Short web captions
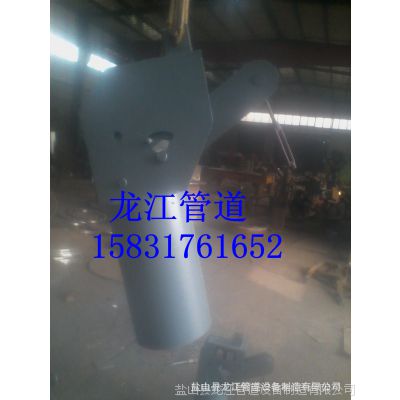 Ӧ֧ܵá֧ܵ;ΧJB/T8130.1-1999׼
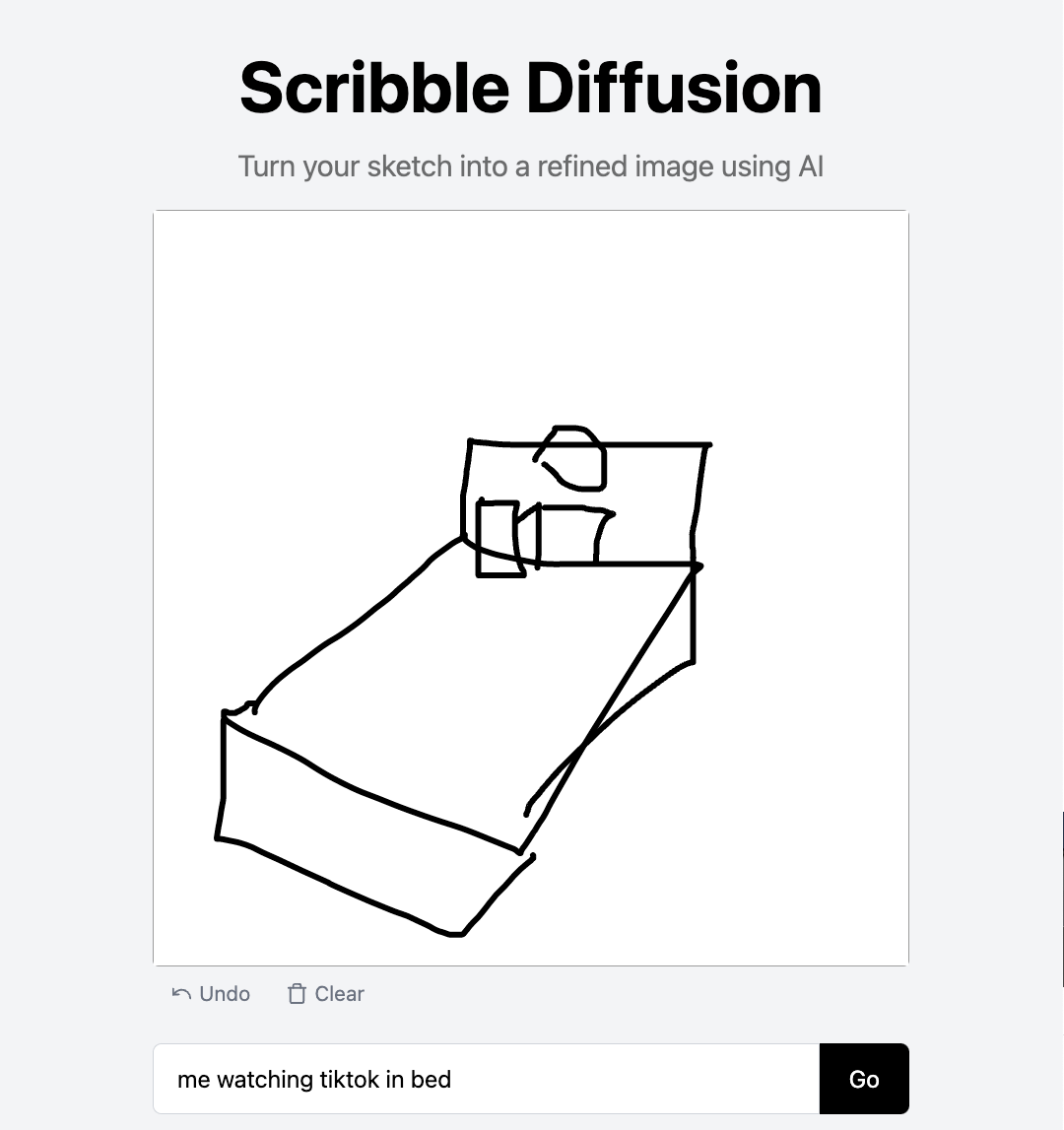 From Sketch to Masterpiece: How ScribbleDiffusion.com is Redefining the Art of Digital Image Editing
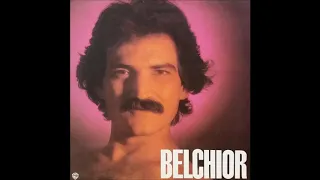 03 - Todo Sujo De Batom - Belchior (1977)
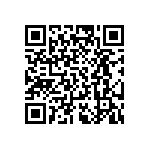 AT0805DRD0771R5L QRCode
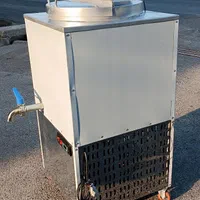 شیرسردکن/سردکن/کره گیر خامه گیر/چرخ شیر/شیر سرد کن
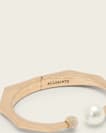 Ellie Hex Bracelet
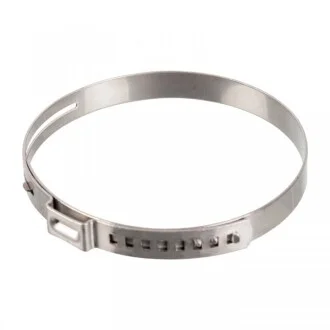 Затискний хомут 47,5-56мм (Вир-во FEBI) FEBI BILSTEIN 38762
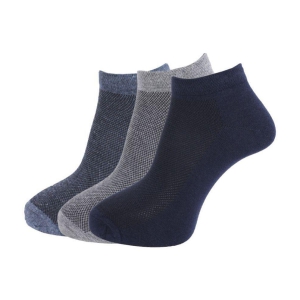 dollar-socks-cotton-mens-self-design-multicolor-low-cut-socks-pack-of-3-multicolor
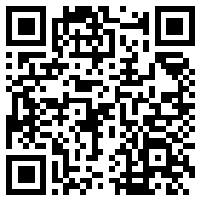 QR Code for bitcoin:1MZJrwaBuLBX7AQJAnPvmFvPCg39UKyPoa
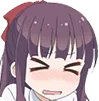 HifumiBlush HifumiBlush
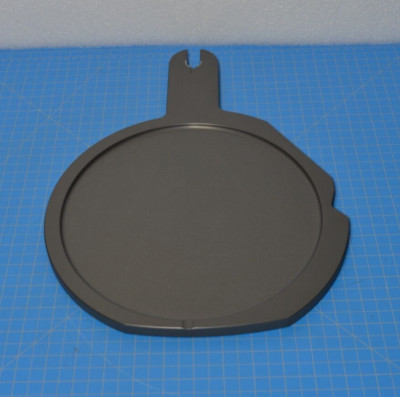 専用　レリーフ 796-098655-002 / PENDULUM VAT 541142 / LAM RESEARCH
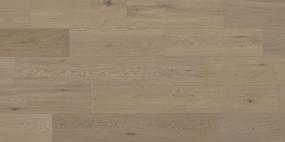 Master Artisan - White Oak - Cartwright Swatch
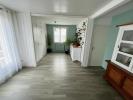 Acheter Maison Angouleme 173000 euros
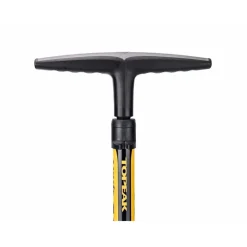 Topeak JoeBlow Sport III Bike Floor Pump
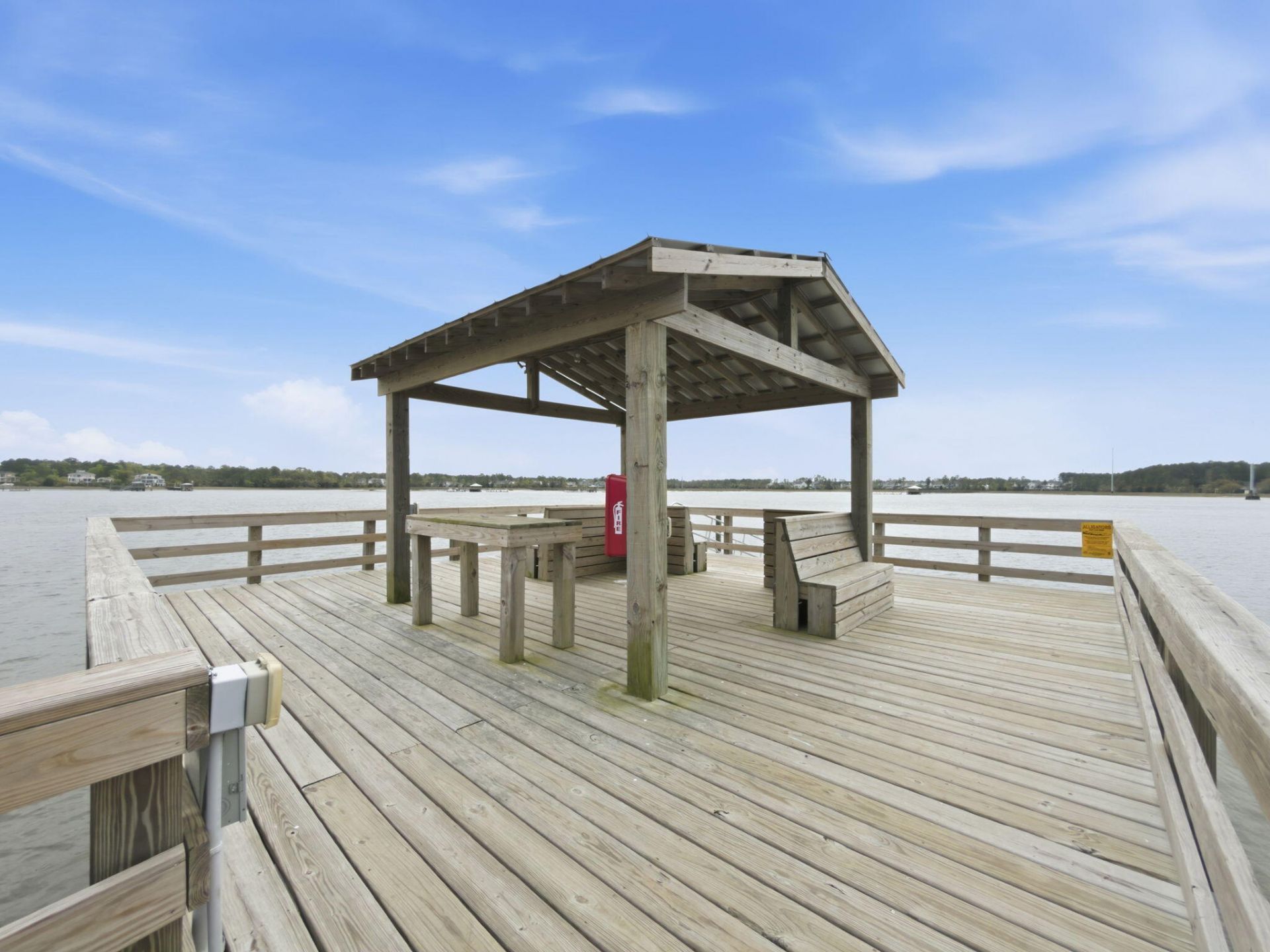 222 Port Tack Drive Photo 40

* About this task: Please copy exactly the lines from the one containing "Master Artisan - White" through the end of the records above, leaving out every picture.

* Output of the task:
 Master Artisan - White Oak - Cartwright Swatch
 Acheter Maison Angouleme 173000 euros
 Topeak JoeBlow Sport III Bike Floor Pump
 222 Port Tack Drive Photo 40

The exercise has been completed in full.